I am having trouble with the wording of this question.
$Tn$ is the number of derangements of a set of size $n$.
$n$ treeloppers are cutting down $n+1$ trees.
They go and have a lunch break in the lodge and return to start chopping the $n+1$ trees again.
How can I show that there are $Tn$ + $T(n+1)$ ways that they can chop the trees so that no one is chopping the same tree as they were before lunch?
I am approaching this problem by trying to let the equation specifying the number of permutations ${1,2,...n}$ with exactly $k$ fixed points equal to the addition of the derangement formula for $n$ and $n+1$. I am fairly confident that this is not the correct approach as, the question seems too simple for this method.
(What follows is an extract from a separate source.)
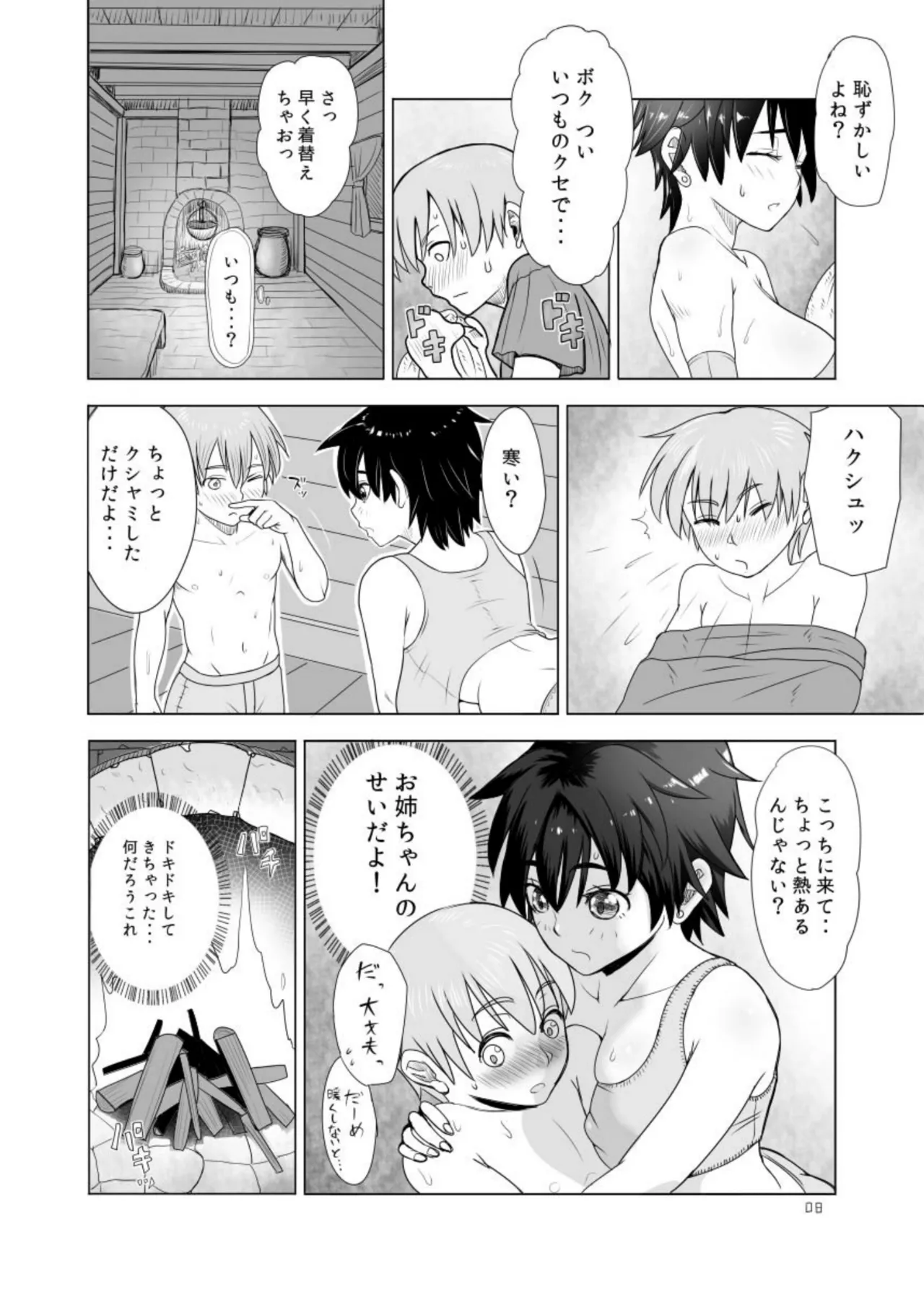 Preview page 8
a)$$n!\sum_{r=0}^{n}(-1)^r/r! = T_n$$
b)$$n+1!\sum_{r=0}^{n+1}(-1)^r/r! = T_{n+1}$$
c)$$\frac{n!}{k!} \sum_{r=0}^{n-k}(-1)^r/r!$$
And trying to get $a+b$ to equal $c$.
How should I be attempting this problem?
Hint:
After lunch there are two cases: (1) The same tree that wasn't being chopped before lunch is still not being chopped; and (2) A different tree after lunch isn't being chopped.